Healy focuses on the social and cultural meaning of disease in Britain during the early modern period (roughly the sixteenth and seventeenth centuries). Her chapter on "The Humoral-Paracelsan Body" discusses how the humoral theory of Galen, at this time still dominant in constructing a notion of the human body and its functions, was challenged by a new Paracelsan medicine, with its emphasis on spirit and on experiment instead of book-learning, and by the emergence of syphilis.
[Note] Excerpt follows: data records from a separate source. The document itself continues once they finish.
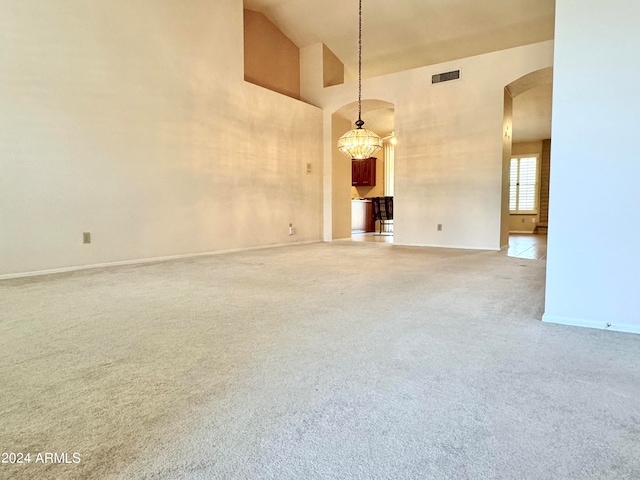 unfurnished living room with an inviting chandelier, carpet, and high vaulted ceiling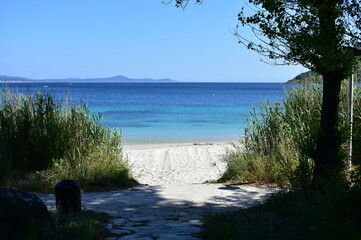 Bay with turquoise water and beach with white sand and blue sky. San Francisco beach, Muros, Galicia, Spain.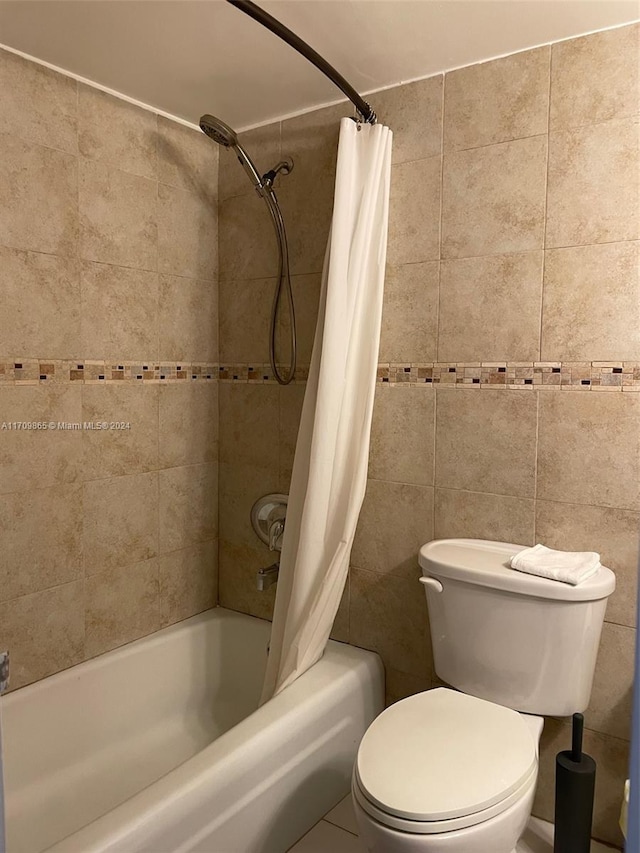 bathroom featuring tile patterned floors, toilet, shower / bath combo with shower curtain, and tile walls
She also establishes the genre of the "regimen[t]," a text advising how to achieve personal and social order.

Her two chapters on "The Plaguy Body" review the late-medieval and Renaissance history of the plague and argue that the social meaning of the plague as a trope of violence and rebellion shifts over the course of the sixteenth century, from a judgment on Britain's "rich extortioners," careless of the welfare of the poor, to the threat represented by London's unruly urban underclass.

Healy's two chapters on "The Pocky Body" argue that the new disease of syphilis became another dominant metaphor for social disorder because it helped focus anxieties about cultural hypocrisy, corruption, and degeneration, linked to the problems of sin generally and excessive appetite in particular. Her final chapter examines "The Glutted, Unvented Body," another powerful figure of excessive appetite, threatening that the body (and its appetites) would dethrone the head (the site of reason).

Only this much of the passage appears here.